Please clear my doubts if I am right or wrong. As per my assimption
1. MBR resides at very first sector of the HDD and location of partitiions
start after MBR. MBR is not part of the first partition and MBR is not
located on first sector of the first partition.
2. In case of Single boot of Linux or Dual boot with xp grub stage 1 boot
loader is always on MBR and it locates grub stage 2 boot loader form
/boot partition.
While learning Linux my faculty told that MBR resides in the first sector of the first partition.
And on MBR there is a bootable exe which is not grub and something else.
I think what he is teaching us is wrong.
Please guide me if I am right or wrong.
If possible please provide me detailed info. about it.
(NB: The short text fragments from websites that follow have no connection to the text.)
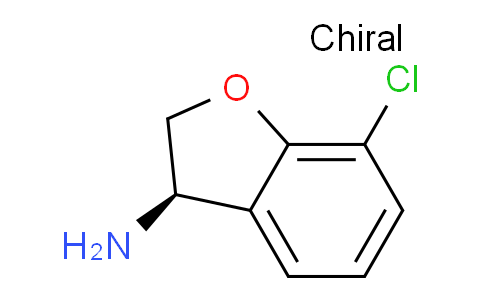 CAS No. 1213334-45-2, (R)-7-Chloro-2,3-dihydrobenzofuran-3-amine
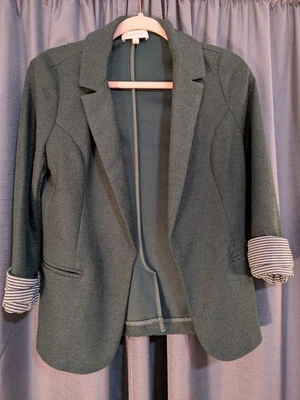 Женский вязаный блейзер Skies Are Blue в полоску с манжетами размер Small - Изображение 1 из 4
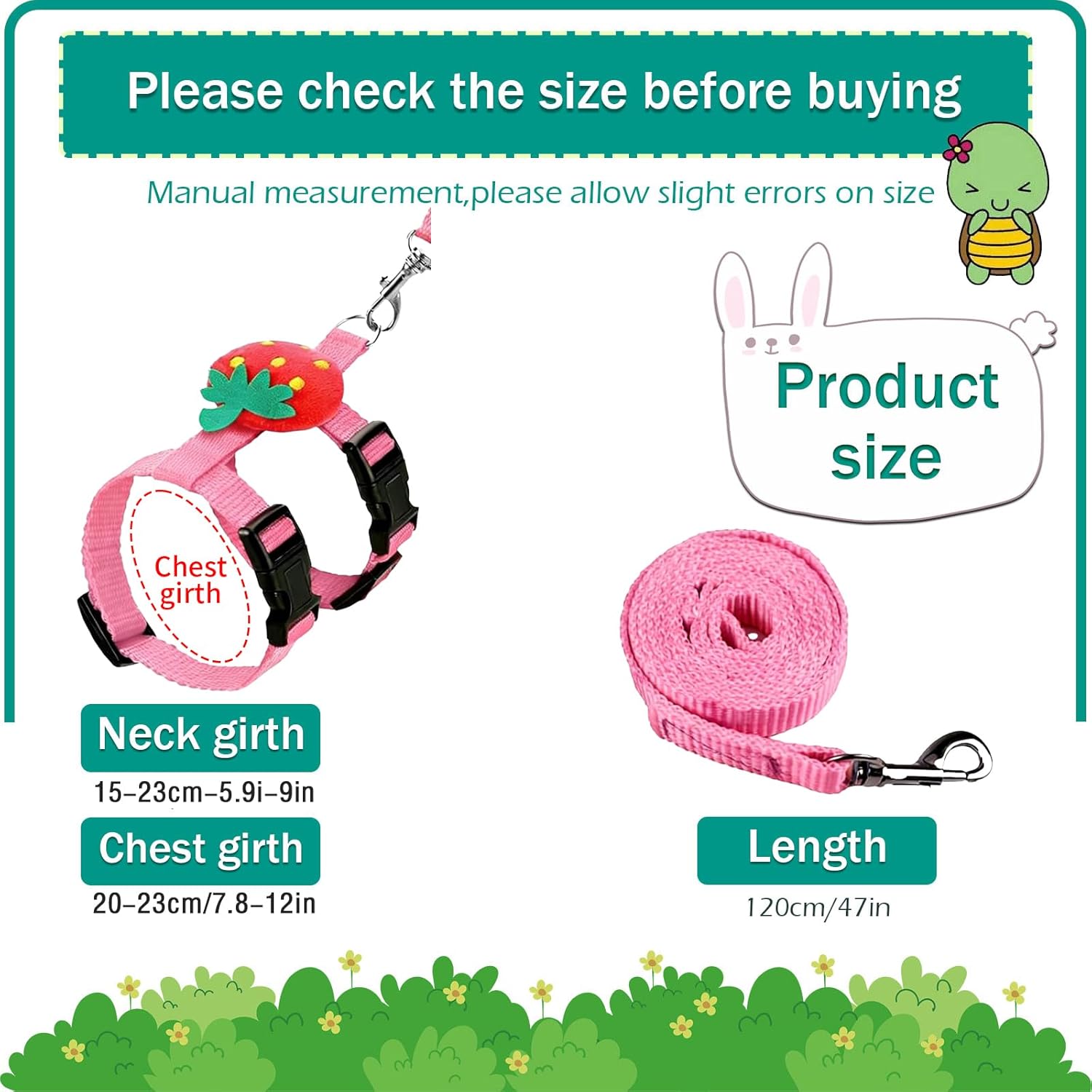 Adjustable Harness and Leash Set for Small Pets 4 Sets - Image 2
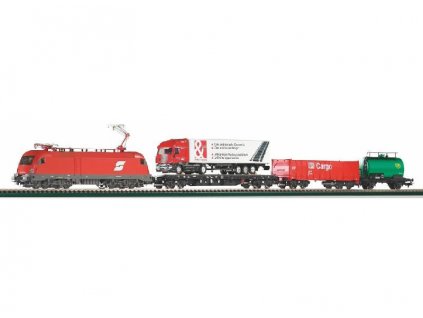 Startset Taurus + 3 Güterwagen ÖBB Ep.V HO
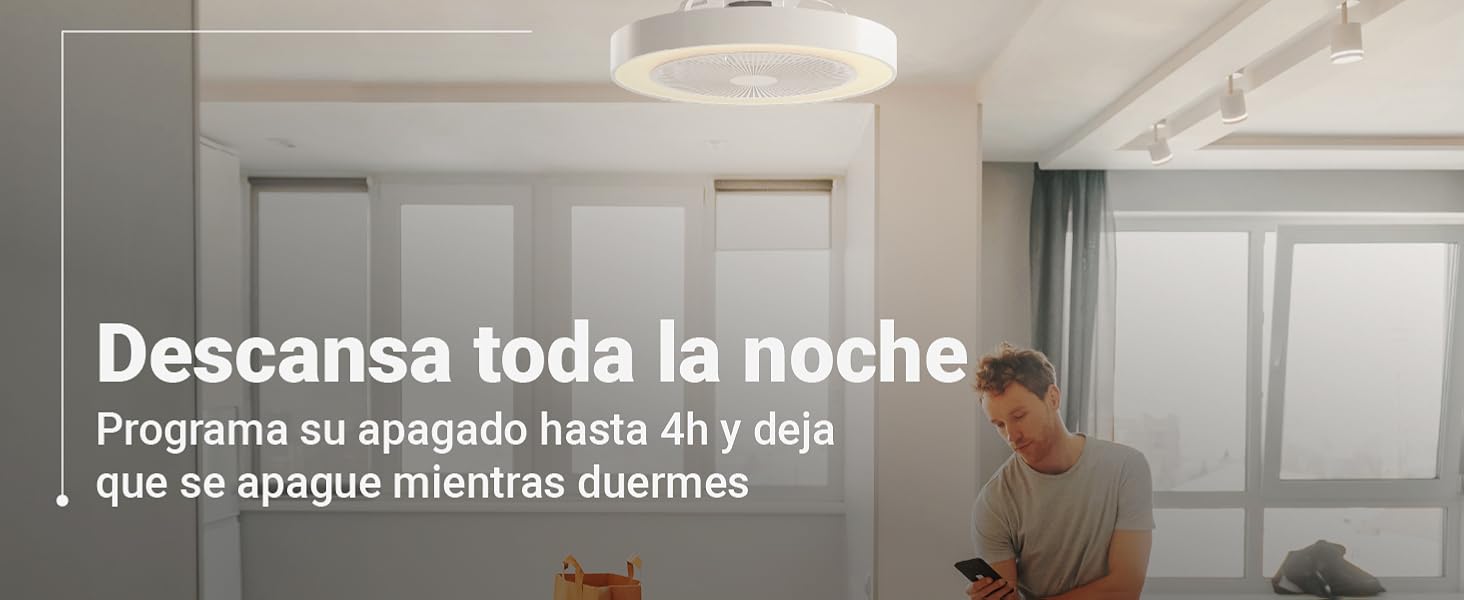 aigostar todolampara faro fabrilamp Esparta orbegozo ventilador techo luz mando remoto silencioso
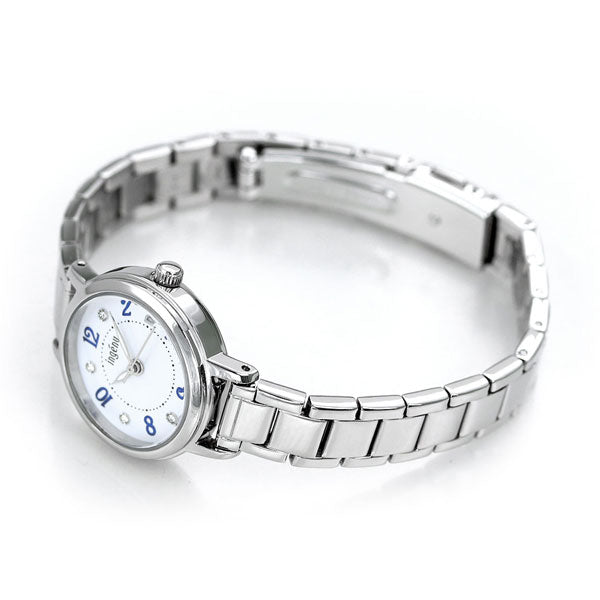 精工妇女手表日历AHJK444 Seiko Alba Alba Angenne White Ahjk444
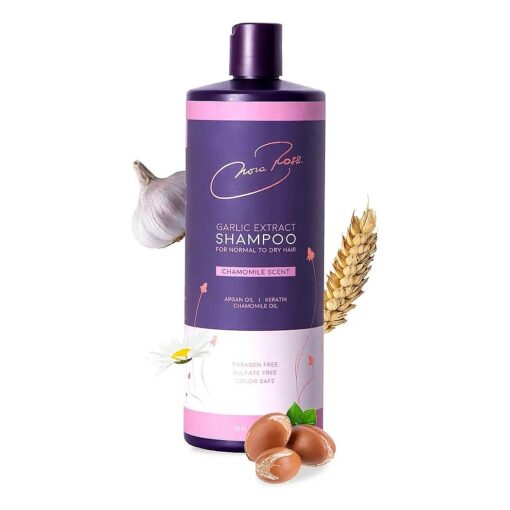 Nora Ross Garlic Shampoo for Normal to Dry Hair with Pleasant Chamomile Scent, Hair Thickening & Volumizing Shampoo with Chamomile Scent, All Natural Hair Care for Excess Hair Loss 32 Oz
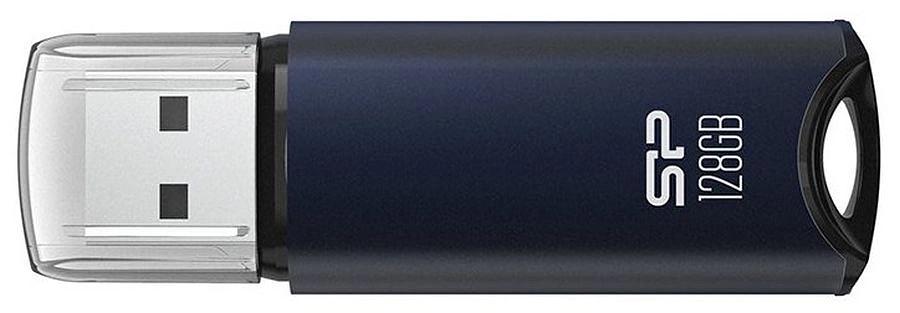 Флеш накопитель 128Gb Silicon Power Marvel M02, USB 3.0, Синий фото 1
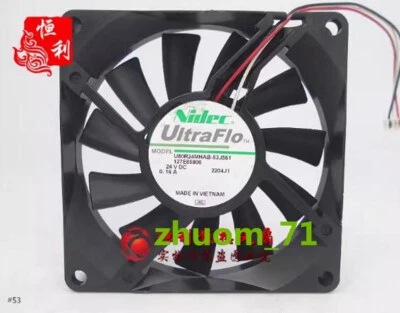 1PC Nidec U80R24MHAB-53J561 8cm 24V 0.16A Inverter copying typewriter fan - Image 1 of 2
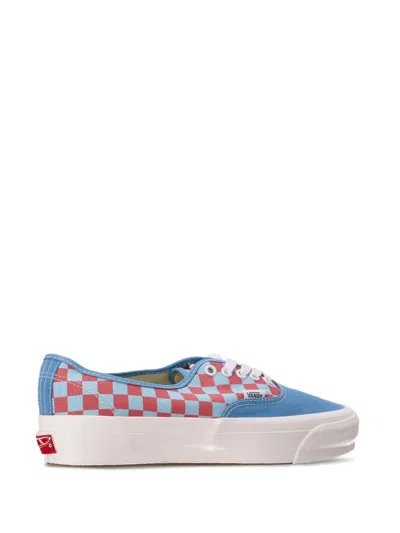 Vans Premium Authentic 44 Checkerboard Sneakers Heritage Blue In Multi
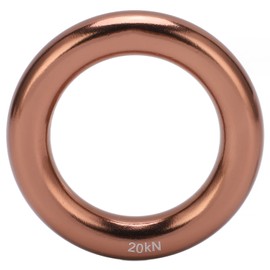 Climbing Rappel Ring Aluminum Alloy Round Mountain Climbing O Ring for Tree Climbing Adventure Sports
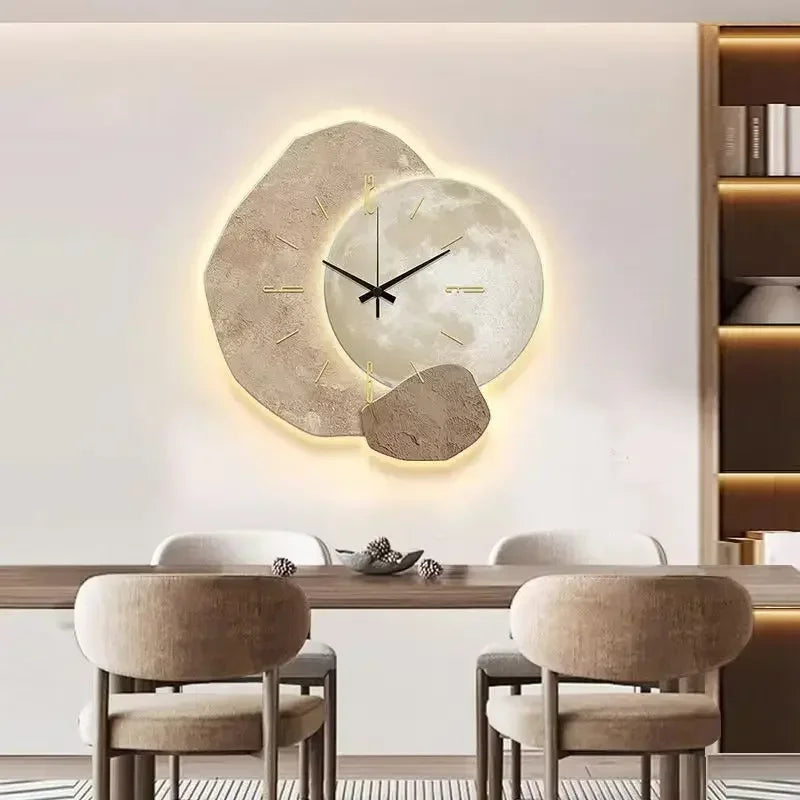 Natural Wood Wall Clock with Unique Design for Home Decor Calora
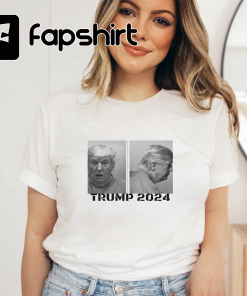 TRUMP 2024 Mugshot T-shirt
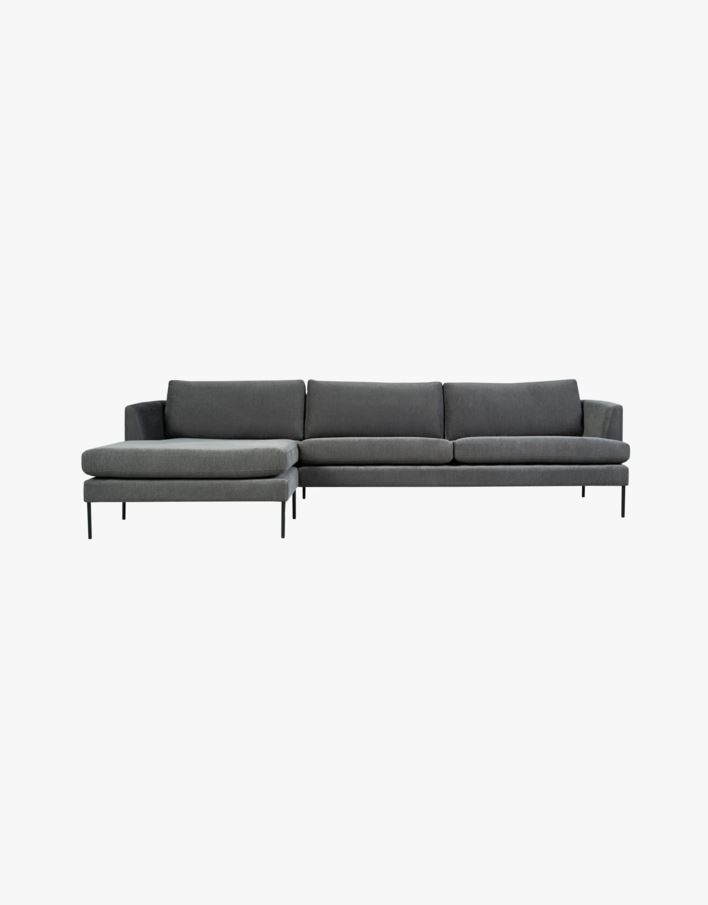 Sofa sjeselong venstre grå - 300x156x80 cm grå - 1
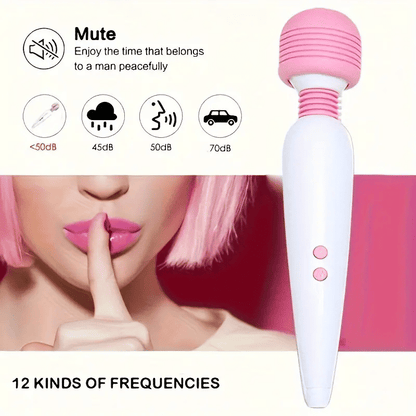 Powerful Rechargeable AV Stick Vibrator for Women with 360° Rotating Function
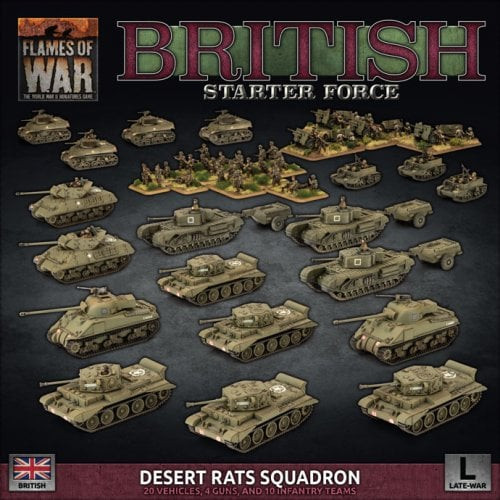 Flames of War - British - British Starter Force: Desert Rats Squadron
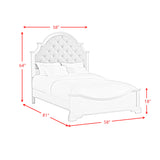 Eastwood Youth UPH Bedroom Set in Off-White
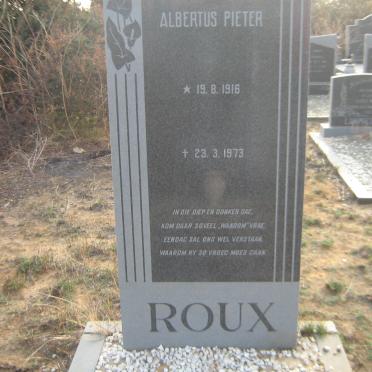 ROUX  Albertus Pieter 1916-1973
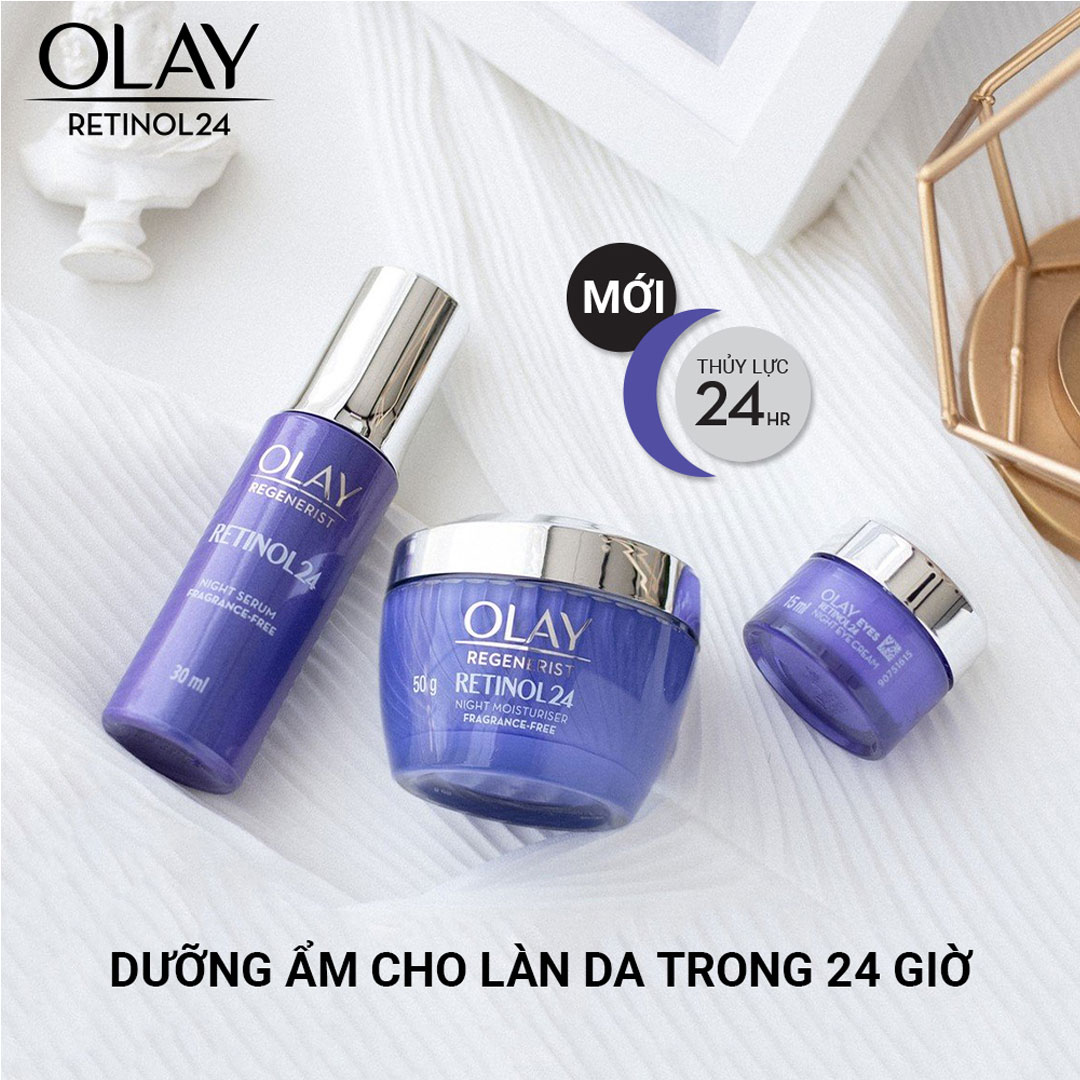 Kem Mắt Olay Regenerist Eyes Retinol 24 Night Eye Cream hiện đã có mặt tại Hasaki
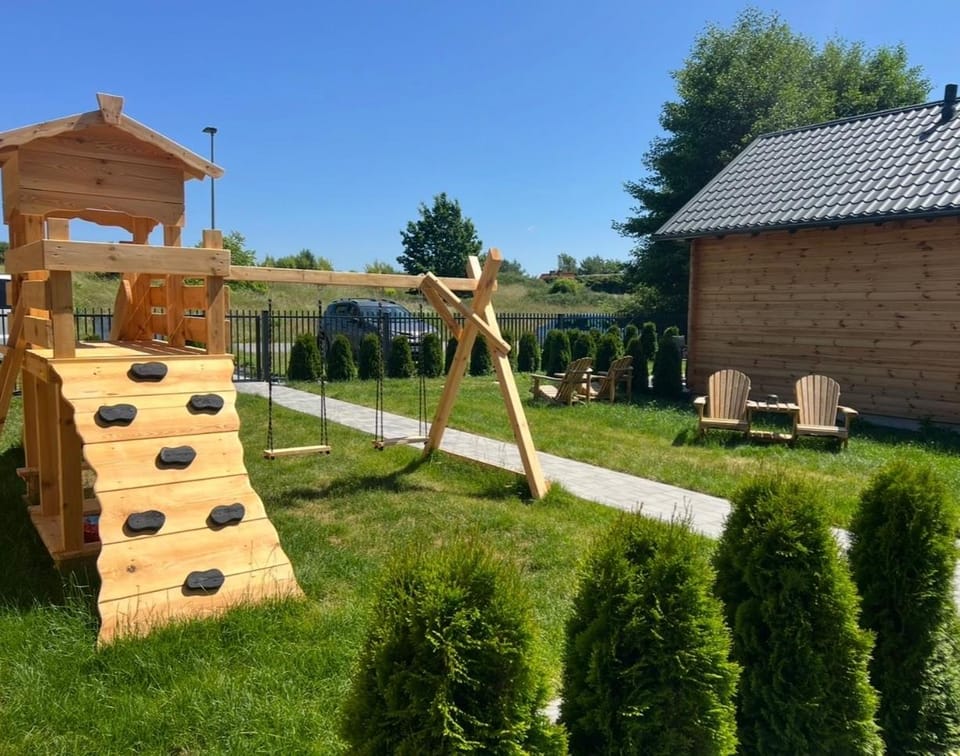 MOJA DEBINA LUX 1, domek z pokojem dziennym, jedną sypialnią i antresolą, blisko plaży House in Pomeranian Voivodeship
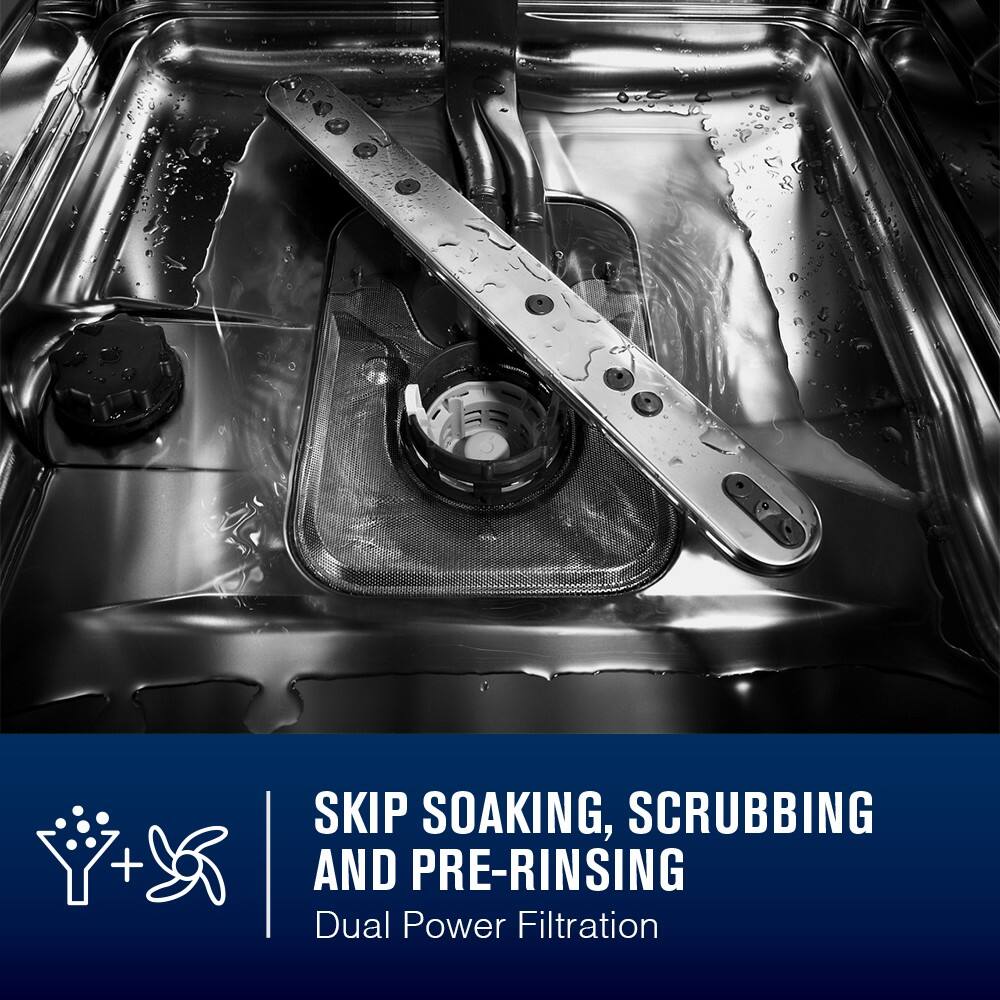 SKIP SOAKING, SCRUBBING AND PRE-RINSING  
Dual Power Filtration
The MBR is the first sector of the hard drive. The MBR contains the partition table (up to 4 partitions only), plus the first part of the bootloader, which tells where to find the rest of the bootloader. If the only OS installed is Windows XP (or some other Windows flavor), the MBR has part of windows ntldr along with the partition table. If the OS is Linux, then the MBR has the partition table plus part of the Linux bootloader (grub, lilo, or some other).
In the case of Linux, the stage 1 of grub tells grub where to find the rest of grub (in /boot directory).
Grub may install stage 1 to the MBR, but it may also be installed elsewhere if the system administrater chooses to use Windows ntldr as the bootloader. In that case, the first sector of the partition may be used in a manner similar to the MBR. That first sector of the partition is called the boot sector.
To understand better, suppose you install a Linux distribution, but you don't want the bootloader in the MBR. During installation, you choose to install grub to the root partition. In that cast the boot sector (the first sector of the partition) comes into play. Grub stage 1 and the partition go into the boot sector, with the rest of grub in /boot directory.
If you choose to install the bootloader to the root of the filesystem, you either need another bootloader in the MBR to boot, or you need a boot floppy or boot cd to boot.
One day some-one (me ???) should go and correct that article.
Perhaps someone has; I see that the article was changed on 2008.02.15.
I often cite articles there because they are accessible to most people. A book like Scott Mueller's Upgrading and Repairing PCs can be useful in situations like this, but is often overkill**2. I certainly agree that Wikipedia is not always 100% correct.
What would be the 3 most important corrections you would make to the MBR article at http://en.wikipedia.org/wiki/Mbr ? ... cheers, makyo
One more query.
as MBR contains 446 bytes of boot code 64 bytes of partition table and 2 bytes for magic number.
In this case is the partition table on MBR same as actual partition table? though it contains only 4 partitions.
The MBR contains what could be called the primary partition table. It provides for 4 primary partitions or 3 primaries + 1 extended.
An "extended partition" is really just the beginning of a linked list to one or more partition tables which appear in the "boot sector" of the logical partitions. These partition tables have the same structure as in the MBR, but only two entries are recognized. The first links into the actual partition area, and the second is another extended partition which links to the second logical partition.........etc.
What would be the 3 most important corrections you would make
Why 3 - or, stated another way, why only 3 ???.
My beef with most of these articles (on the web, not just *pedia) is they are generally very M$oft centric.
Sure (by default) they define the architecture of the "basic" DOS MBR/partition structure, but their brain-dead implementation ain't the "be-all and end-all".
That reference to the Linux use of "disk identity" - really needs to be fixed.
Why 3 - or, stated another way, why only 3 ???.
My beef with most of these articles (on the web, not just *pedia) is they are generally very M$oft centric.
Sure (by default) they define the architecture of the "basic" DOS MBR/partition structure, but their brain-dead implementation ain't the "be-all and end-all".
That reference to the Linux use of "disk identity" - really needs to be fixed.
I asked for 3 so that your time wasn't wasted with a laundry list of non-critical items, and to see an indication of how many I'm overlooking that might be crucial.
The MS-centric aspect is not surprising given that 90+% of PCs run MS operating systems. Most Linux systems seem to work with that implementation. My limited experience with others -- BeOS, for example -- exposed me to some alternate possibilities. The article also noted some that allowed more than 4 partitions, which might be of importance, but also encountered far less frequently.
The article mentions some of these other, non-MS formats for the MBR, which was the important aspect I wanted the OP to see.
I don't have the knowledge to criticize the section on signatures. The gloss in the LKML message emphasizes the use by installers. Given the level of information in the Wikipedia article, what would you change in the reference to Linux:
Quote:
Linux uses the NT disk signature at boot time to determine the location of the boot volume.[10]